Improving the energy efficiency of wireline interconnects has become a necessity to sustain growing data rates. Low-voltage wireline link operation is a promising approach to achieve close to pico-joules/bit energy efficiency [1-3]. However, conventional low-voltage wireline links suffer from two limitations: (a) limited equalization (12dB) or no channel equalization, and (b) low data rates (8Gb/s @0.75V) even with fine process technology nodes [2]. Limited equalization in low-voltage links is due to the fact that conventional equalization (FFE, DFE) is performed on the high-speed data path. As a result, when the supply voltage is reduced (below 0.6V), the bandwidth of the data path is severely diminished, which compromises FFE and DFE operation. Moreover, the requirement to generate and transport narrow clock pulses in conventional low-voltage output drivers limits the maximum achievable data rates [1,3]. In view of these limitations, we propose a new approach to equalize heavy channel loss at low supply voltages by moving the equalizing operation out of the data path and into the clock path. Integrated pulse width modulation (iPWM) has been demonstrated to efficiently equalize heavy channel loss by encoding data transition edges [4]. In this work, we present a modified iPWM encoding, an energy-efficient wireline transceiver with a clock-domain low-voltage iPWM encoder, and a low-voltage multiplexer + output driver architecture, which can operate from 0.5-to-0.9V and 3-to-16Gb/s compensating 27dB channel loss at 10Gb/s with an energy efficiency of 1.8pJ/b.
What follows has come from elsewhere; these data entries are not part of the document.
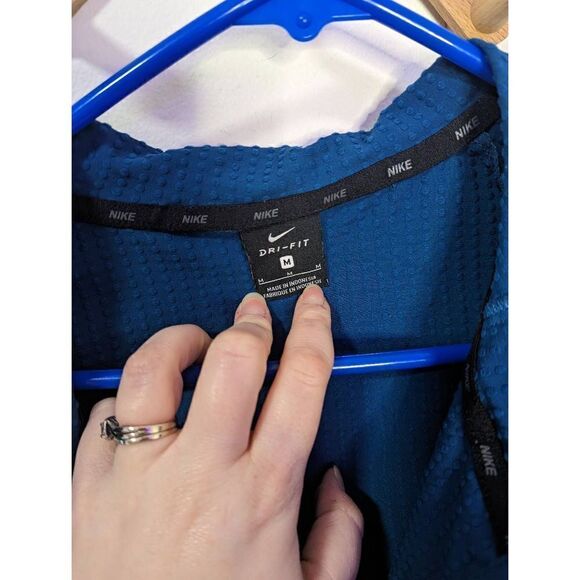 Nike Men's Full Zip Lightweight Dry-Fit Jacket - Size Medium - Picture 6 of 6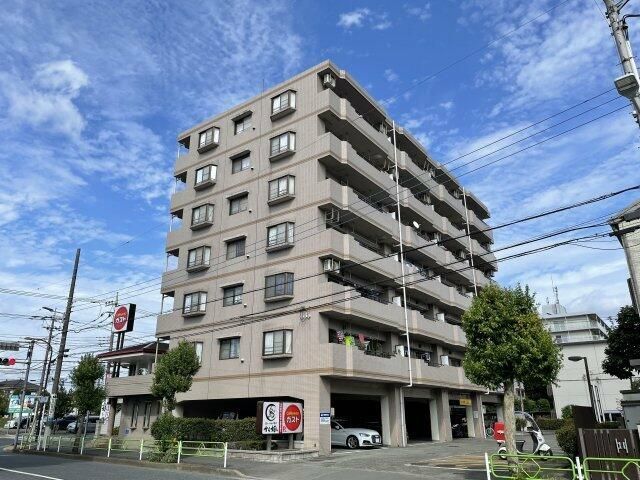 センチュリー7の外観画像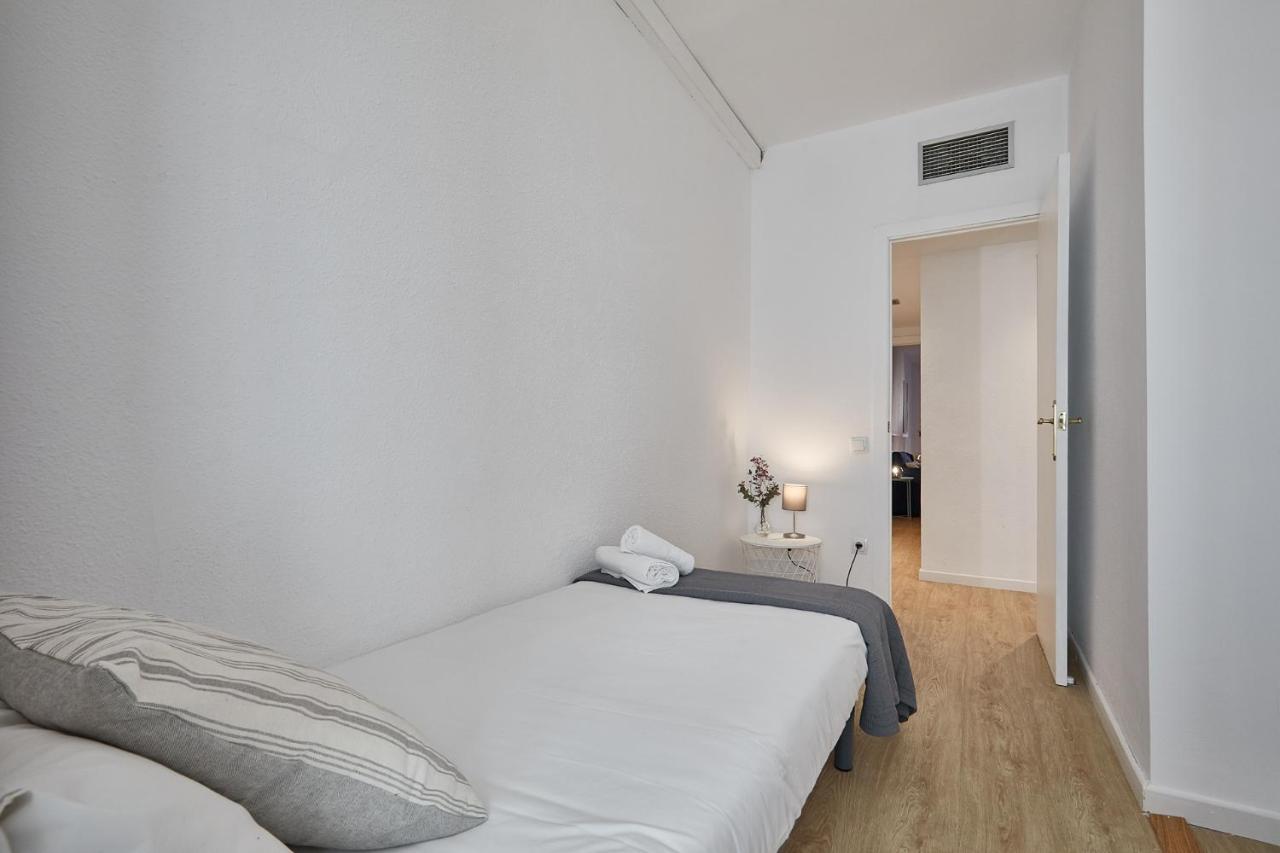 Bbarcelona Clot Apartments المظهر الخارجي الصورة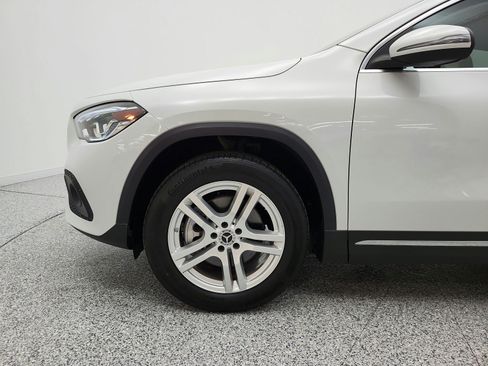 Used 2023 Mercedes-Benz GLA 250 w/ Premium Package image 21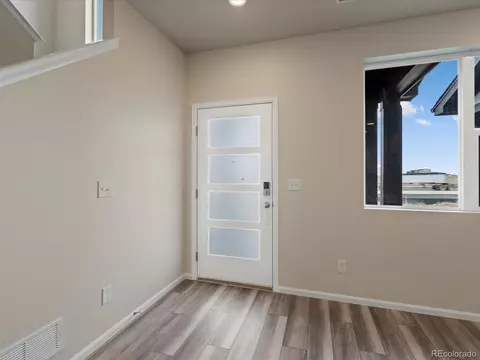 21161 E 63rd Dr, Aurora, CO 80019 photo 2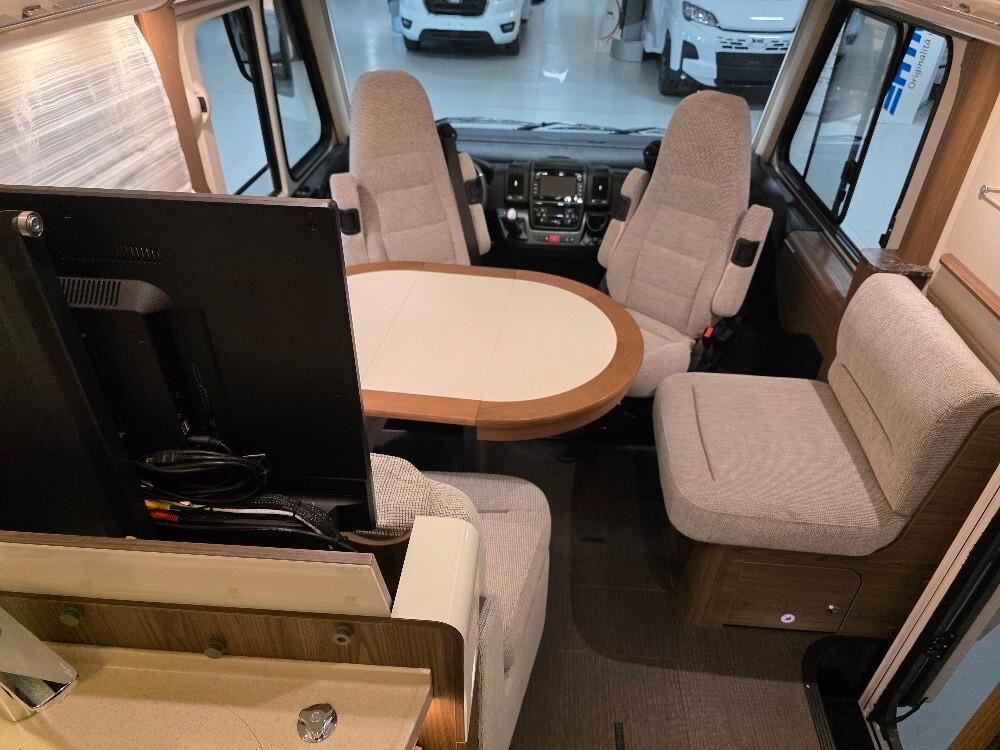 CAMPER HYMER B-KLASSE SL 704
Compared to prior low-voltage links [2], the proposed transceiver can compensate 15dB higher loss at 25% higher data rate (10Gb/s) operating at 13% lower supply voltage (0.65V) while using an older technology node (65nm). Compared to state-of-the-art iPWM-based wireline transceiver operating at nominal supply voltage [4], the proposed transceiver achieves 2.5x lower energy/bit while compensating similar channel loss, and compared to a conventional equalization-based transceiver it compensates 8dB higher loss with similar energy efficiency [5].